China topang pertumbuhan bisnis Starbucks

Harga kopi yang mahal membuat masyarakat China menilai mengkonsumsi Starbucks dianggap sebagai simbol status kelas menengah atas.

Ilustrasi/Pexels.com

Pada Januari 2009, saat Amerika Serikat (AS) menunggu Presiden baru berkantor, majalah internasional Esquire pernah mempublikasikan interview singkat Alice Cooper yakni penyanyi dan seorang aktor AS yang memiliki khas suara serak. 

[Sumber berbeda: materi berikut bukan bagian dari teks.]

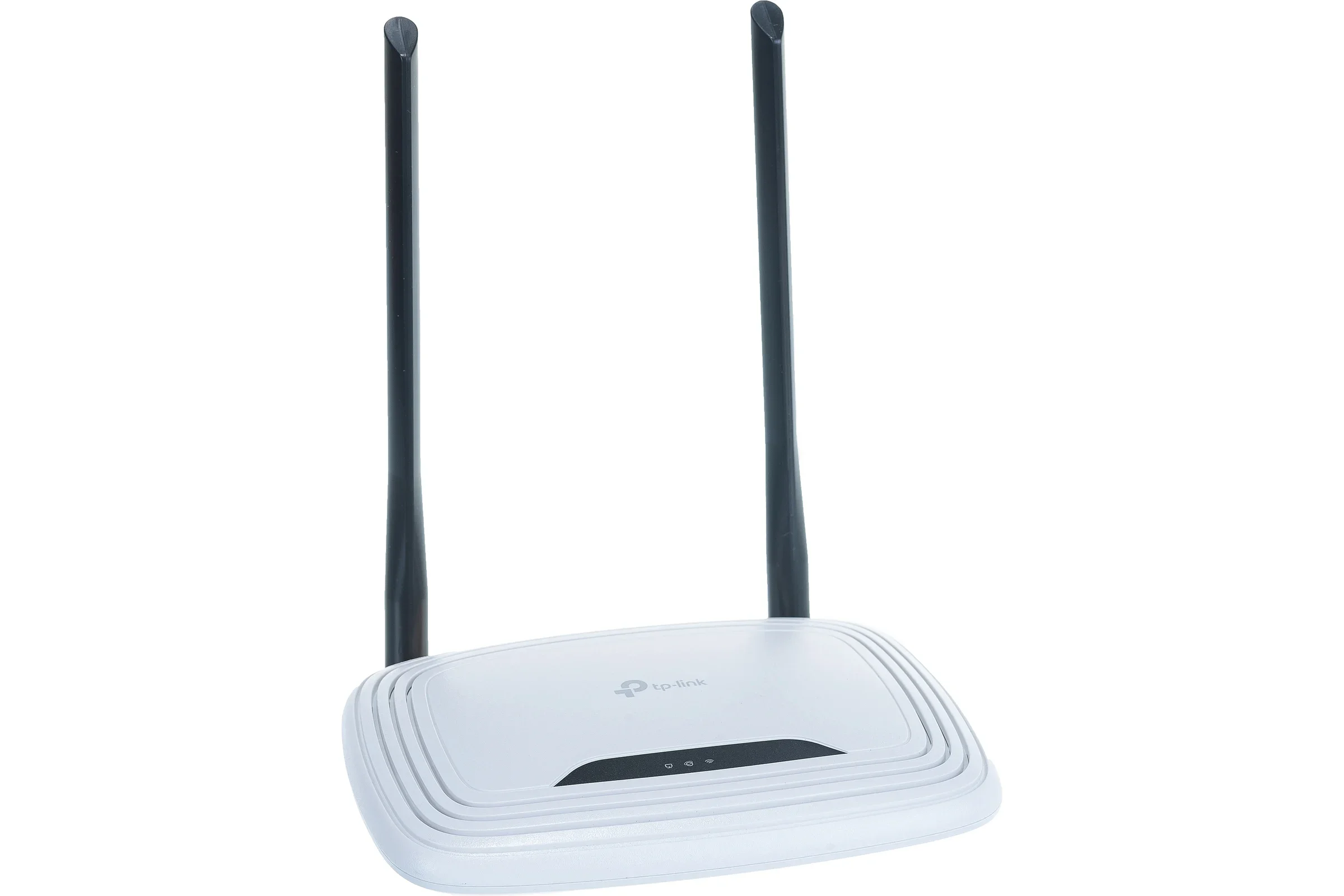 TP-Link TL-WR841N Wi-Fi роутер N300, до 300 Мбит/с на 2,4 ГГц, 2x5dBi антенны, LAN 4x10/100 Мбит/с, WAN 1x10/100 Мбит/с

Cooper menilai perusahaan-perusahaan di AS segera angkat kaki dari negaranya. Hal ini diawali dengan produsen otomotif kenamaan General Motor atau GM. Menyusul juga toko kopi Starbucks. AS memang ingin Starbucks memperluas pasarnya di luar negara, mengekor GM.

Apa yang dikatakan Cooper benar-benar terjadi. Waralaba kopi ini kemudian sukses di negara lain dan memperkenalkan budaya minum kopi di seluruh dunia. Starbucks telah berada di seluruh tempat yang bisa dijangkau yakni airports, pusat perbelanjaan, area parkir, sudut-sudut jalan hingga di jaringan media sosial. 

Kini kejayaan Starbuck terjadi di China. Starbucks melaporkan pendapatan kuartal pertama fiskal Q1 tahun 2018 di China menguat dengan ditandai penjualan naik 6%. 

Presiden dan CEO Starbucks Kevin Johnson mengatakan bahwa pendapatan di China diperkirakan tumbuh 30% pada kuartal I fiskal 2018. Dia bahkan mengaku gembira dengan pencapaian kopi berlambang putri duyung ini.